### Assigned task
The answer must consist solely of the lines from the line with "Cổng vào liền kề A16 KĐT Geleximco Cổng" to the end of the data below, transcribed exactly and with no pictures.

### Provided material
···
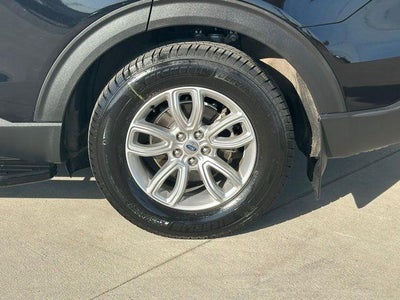 2020 Ford Explorer Base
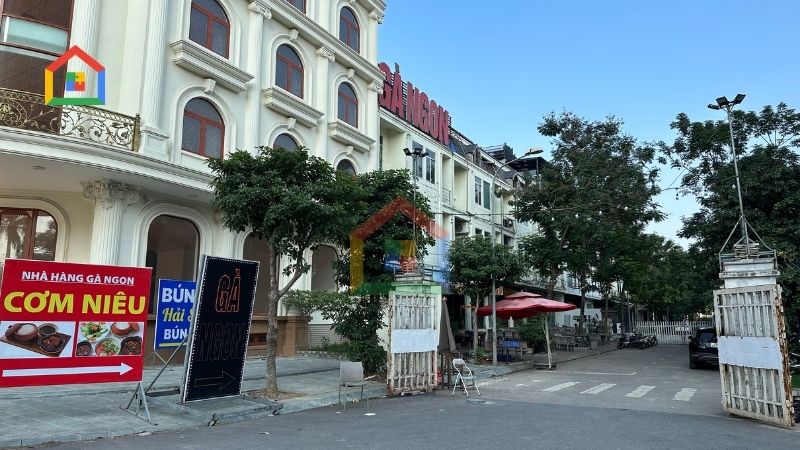 Cổng vào liền kề A16 KĐT Geleximco Cổng vào liền kề A16 KĐT Geleximco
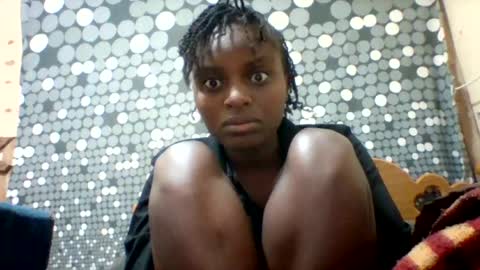 liligal online show from 07-19-26, 04:49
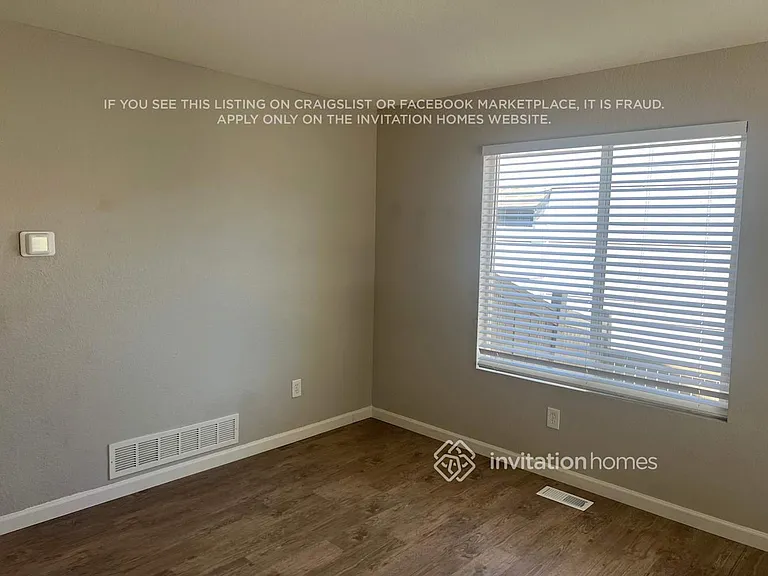 3289 Blue Grass Cir — Photo 3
···
### Reply
 Cổng vào liền kề A16 KĐT Geleximco Cổng vào liền kề A16 KĐT Geleximco
 liligal online show from 07-19-26, 04:49
 3289 Blue Grass Cir — Photo 3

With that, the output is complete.